Having studied the war in great detail (which he analyzes quite convincingly in "The Father of All Things"), the younger man finally asks his father:

" 'Dad, forgive me, but how the hell did you guys manage to lose? You had every imaginable advantage.'

" 'Funny,' my father said, looking away. 'I was just thinking the same thing about that myself. What can I tell you?.... We had a lot of advantages, that's certainly true. But this wasn't our country. We were all a long way from home.' "

His father's response, Tom Bissell writes, was "perhaps the most human sentiment I had every heard my father utter about the war."

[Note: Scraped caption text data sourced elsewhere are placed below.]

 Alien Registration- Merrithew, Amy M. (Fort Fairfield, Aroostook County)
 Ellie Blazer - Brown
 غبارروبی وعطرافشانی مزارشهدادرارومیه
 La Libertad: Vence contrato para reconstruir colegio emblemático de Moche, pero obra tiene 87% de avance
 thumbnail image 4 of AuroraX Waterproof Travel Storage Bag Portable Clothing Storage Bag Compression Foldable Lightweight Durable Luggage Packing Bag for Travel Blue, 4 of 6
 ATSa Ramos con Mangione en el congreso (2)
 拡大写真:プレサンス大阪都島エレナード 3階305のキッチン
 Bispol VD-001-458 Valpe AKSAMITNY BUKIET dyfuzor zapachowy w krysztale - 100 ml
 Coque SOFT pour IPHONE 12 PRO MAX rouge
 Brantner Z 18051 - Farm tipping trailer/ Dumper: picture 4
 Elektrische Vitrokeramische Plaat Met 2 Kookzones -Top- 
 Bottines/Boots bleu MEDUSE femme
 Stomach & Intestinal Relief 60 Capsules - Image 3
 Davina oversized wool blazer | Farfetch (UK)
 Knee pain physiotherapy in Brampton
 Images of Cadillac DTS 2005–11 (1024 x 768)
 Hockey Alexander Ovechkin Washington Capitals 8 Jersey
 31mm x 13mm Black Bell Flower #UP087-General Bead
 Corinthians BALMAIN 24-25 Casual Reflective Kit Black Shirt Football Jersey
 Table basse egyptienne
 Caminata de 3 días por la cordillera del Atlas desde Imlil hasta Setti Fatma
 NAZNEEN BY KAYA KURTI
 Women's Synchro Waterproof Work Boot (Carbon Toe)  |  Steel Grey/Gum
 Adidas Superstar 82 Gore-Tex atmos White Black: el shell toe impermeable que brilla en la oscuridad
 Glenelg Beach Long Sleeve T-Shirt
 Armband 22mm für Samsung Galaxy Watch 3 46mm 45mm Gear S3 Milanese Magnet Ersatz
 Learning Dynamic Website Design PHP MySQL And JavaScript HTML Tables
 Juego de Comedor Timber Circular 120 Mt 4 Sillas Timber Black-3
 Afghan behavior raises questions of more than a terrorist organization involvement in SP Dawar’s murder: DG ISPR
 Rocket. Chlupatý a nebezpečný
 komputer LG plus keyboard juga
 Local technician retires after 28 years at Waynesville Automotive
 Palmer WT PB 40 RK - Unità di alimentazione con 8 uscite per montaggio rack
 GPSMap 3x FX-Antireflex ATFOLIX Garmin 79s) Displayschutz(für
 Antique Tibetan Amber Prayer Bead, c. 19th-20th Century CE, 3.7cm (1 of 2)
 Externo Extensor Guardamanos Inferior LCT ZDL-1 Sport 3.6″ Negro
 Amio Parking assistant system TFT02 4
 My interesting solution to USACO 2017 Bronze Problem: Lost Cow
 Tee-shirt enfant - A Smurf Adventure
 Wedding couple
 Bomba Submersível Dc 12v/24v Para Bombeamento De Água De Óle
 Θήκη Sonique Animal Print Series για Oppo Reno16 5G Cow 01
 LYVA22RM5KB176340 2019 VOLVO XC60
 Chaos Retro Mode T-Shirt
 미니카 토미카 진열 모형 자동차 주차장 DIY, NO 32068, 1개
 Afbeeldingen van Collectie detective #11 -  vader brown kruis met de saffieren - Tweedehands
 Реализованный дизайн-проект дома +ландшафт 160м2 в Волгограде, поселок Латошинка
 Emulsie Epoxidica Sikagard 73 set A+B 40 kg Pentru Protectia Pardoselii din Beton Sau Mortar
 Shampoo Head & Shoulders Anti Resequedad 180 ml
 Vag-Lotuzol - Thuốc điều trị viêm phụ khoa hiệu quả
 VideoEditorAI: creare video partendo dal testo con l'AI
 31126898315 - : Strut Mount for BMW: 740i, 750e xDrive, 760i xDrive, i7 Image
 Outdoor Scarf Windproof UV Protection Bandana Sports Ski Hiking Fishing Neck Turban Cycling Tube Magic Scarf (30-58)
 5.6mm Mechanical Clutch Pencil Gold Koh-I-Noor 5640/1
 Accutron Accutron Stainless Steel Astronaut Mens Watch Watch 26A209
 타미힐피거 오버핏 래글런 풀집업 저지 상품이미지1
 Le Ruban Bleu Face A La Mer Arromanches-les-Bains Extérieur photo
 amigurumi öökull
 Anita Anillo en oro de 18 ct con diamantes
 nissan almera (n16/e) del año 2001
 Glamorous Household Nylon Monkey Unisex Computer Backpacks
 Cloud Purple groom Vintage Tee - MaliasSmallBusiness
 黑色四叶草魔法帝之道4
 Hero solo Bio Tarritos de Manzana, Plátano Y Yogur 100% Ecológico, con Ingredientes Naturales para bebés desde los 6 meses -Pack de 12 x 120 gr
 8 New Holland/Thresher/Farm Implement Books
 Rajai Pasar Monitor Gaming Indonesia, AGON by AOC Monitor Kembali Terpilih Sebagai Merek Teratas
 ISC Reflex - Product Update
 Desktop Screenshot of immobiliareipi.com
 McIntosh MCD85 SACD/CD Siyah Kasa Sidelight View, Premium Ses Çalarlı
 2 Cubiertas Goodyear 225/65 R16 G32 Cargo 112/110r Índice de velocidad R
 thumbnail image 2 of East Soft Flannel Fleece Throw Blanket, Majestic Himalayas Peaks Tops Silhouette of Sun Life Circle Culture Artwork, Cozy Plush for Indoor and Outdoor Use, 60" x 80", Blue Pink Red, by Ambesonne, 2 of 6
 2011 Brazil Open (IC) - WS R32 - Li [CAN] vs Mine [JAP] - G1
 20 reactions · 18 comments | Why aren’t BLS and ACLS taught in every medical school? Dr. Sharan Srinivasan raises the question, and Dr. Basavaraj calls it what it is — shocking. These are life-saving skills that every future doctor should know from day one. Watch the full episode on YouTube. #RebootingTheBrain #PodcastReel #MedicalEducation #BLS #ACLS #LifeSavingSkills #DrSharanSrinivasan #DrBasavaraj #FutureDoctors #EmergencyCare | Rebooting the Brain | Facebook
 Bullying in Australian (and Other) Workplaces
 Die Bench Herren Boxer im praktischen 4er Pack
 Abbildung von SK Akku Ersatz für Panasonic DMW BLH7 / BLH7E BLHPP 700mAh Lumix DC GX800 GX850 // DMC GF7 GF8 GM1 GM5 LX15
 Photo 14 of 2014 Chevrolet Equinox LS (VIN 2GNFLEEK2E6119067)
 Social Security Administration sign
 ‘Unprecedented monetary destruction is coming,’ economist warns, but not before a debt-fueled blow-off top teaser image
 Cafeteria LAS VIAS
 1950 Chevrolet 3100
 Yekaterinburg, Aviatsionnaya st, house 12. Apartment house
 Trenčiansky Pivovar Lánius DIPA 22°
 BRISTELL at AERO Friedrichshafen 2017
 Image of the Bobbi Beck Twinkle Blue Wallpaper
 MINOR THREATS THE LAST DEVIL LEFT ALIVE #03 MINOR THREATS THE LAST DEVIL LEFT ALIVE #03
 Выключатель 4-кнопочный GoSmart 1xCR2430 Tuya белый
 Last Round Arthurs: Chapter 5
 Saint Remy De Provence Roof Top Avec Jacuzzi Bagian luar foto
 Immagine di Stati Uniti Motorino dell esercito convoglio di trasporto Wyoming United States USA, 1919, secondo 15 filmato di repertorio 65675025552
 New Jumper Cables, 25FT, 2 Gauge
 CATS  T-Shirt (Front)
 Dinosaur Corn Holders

My Lai happened two years after Lt. Bissell's tour. But the half dozen pages or so devoted to that horror – what happened that day and one combat vet's agonizing visit to the site – are excruciatingly told and revealing of both men.

"I walked toward the ditch," the younger Bissell writes, "less sad than emotionally excavated .... my father rubbed his chest through his shirt and said, 'My heart hurts.'

"I imagined him – I imagined myself – here ... during those first moments that saw the day's terrible momentum gather, the evil freedom of the trigger availing itself upon the minds of friends and comrades, the various ecstasies of murder, and I did not like the range of possibilities that I saw."

Will such realizations, clear or cloudy, come to some child of an Iraq war veteran 20 or 30 years hence? Very likely.

"Part of me is shaped forever by the years my father spent in Vietnam, and how those years shaped him, and then, all our family," Zoeann Murphy writes. "It's not easy for me to make sense of this."

Books like hers and Bissell's are a very good start.

Staff writer Brad Knickerbocker is a Vietnam veteran.